Two and a half years after the fight, Nana and Dana had reconciled and the ice between their adult children began melting at Nana’s 50th birthday, which Dana helped prepare and decorate the venue for. Nana’s daughter and Dana’s daughter danced together in a spontaneous reconciliation. As you can see in the clip of them dancing here, this is not a warm dance. The tension is still there, electrifying the air. To the applause of the tribe around them, they were making an effort to heal the rift.


Dana makes a point to prepare and attend all events in Nana’s family. “How amazing,” Martina said once, knowing the history of the 2021 fight, “That they have been able to move on from that.” Pepi laughed and said, “They are making a statement. They are a united front no matter what happens. But both of them are still angry about the fight.”
The statement these women are making is not just for outsiders, not just for the extended tribe, but for their own children. As matriarchs, they set the tone. And the tone is: We are family no matter what.
But the fight is not forgiven.
What is forgivable?
Isn’t it toxic to go to weddings and birthdays and be in the same room with someone who attacked you and hit your head with a rock, putting you in hospital? Or worse, did that to your child? Isn’t it toxic that the expectation from the entire tribe around you is that you “don’t cause trouble” by confronting them?

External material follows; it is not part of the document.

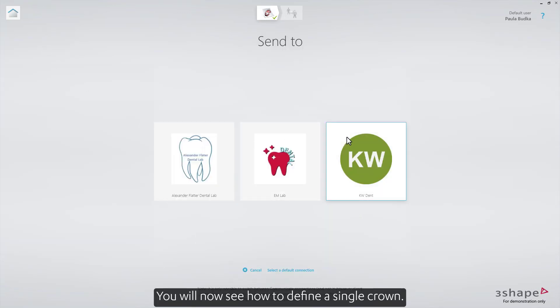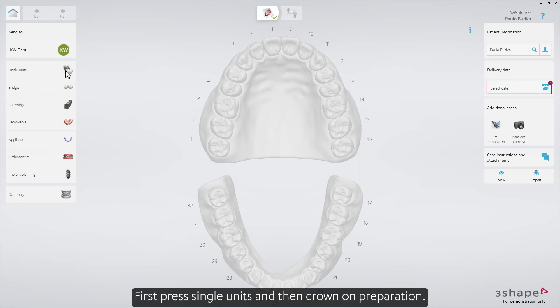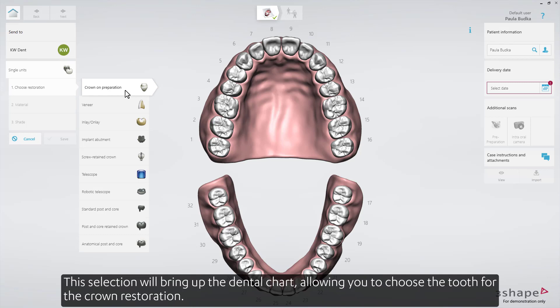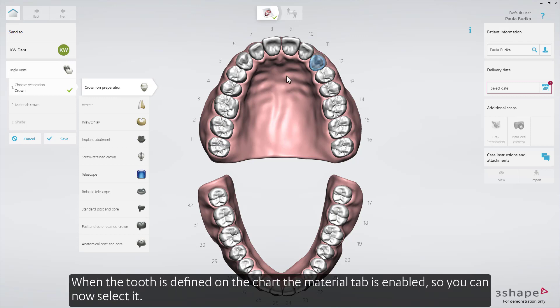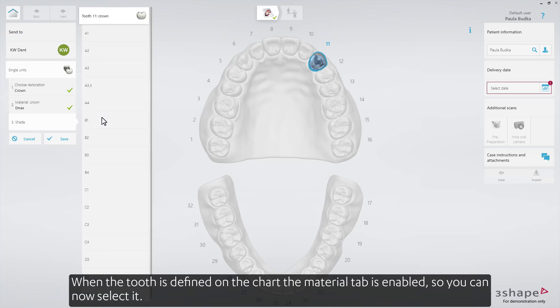You will now see how to define a single crown. First press Single Units, and then Crown on Preparation. This selection will bring up the dental chart, allowing you to choose the tooth for the crown restoration. When the tooth is defined on the chart, the Material tab is enabled, so you can now select it.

Well, here is where the Roma differ vastly from mainstream, Christianized culture. There is no virtue assigned to forgiveness in the Christian sense of “you are forgiven for your sins” as a an act bestowed by a benevolent force. There is no pressure “to forgive for your own good so you can move on.” Contrary to mainstream culture, the Roma are comfortable with what outsiders would label as “negative” feelings, such as anger. Being angry, acknowledging you are angry, sitting with your anger, and acting on your anger are all natural for the Roma.
In that sense, they are able to both move on and be angry. The anger doesn’t drive them mad or burn them or torture them because they neither suppress it nor hold onto it. So it comes and goes in waves like it does for all other people. In the Romani world, it is instinctively understood that you can feel a flash of anger over something that happened years ago even if you thought you had moved past it: wisdom that people in the mainstream world often need therapy to recover.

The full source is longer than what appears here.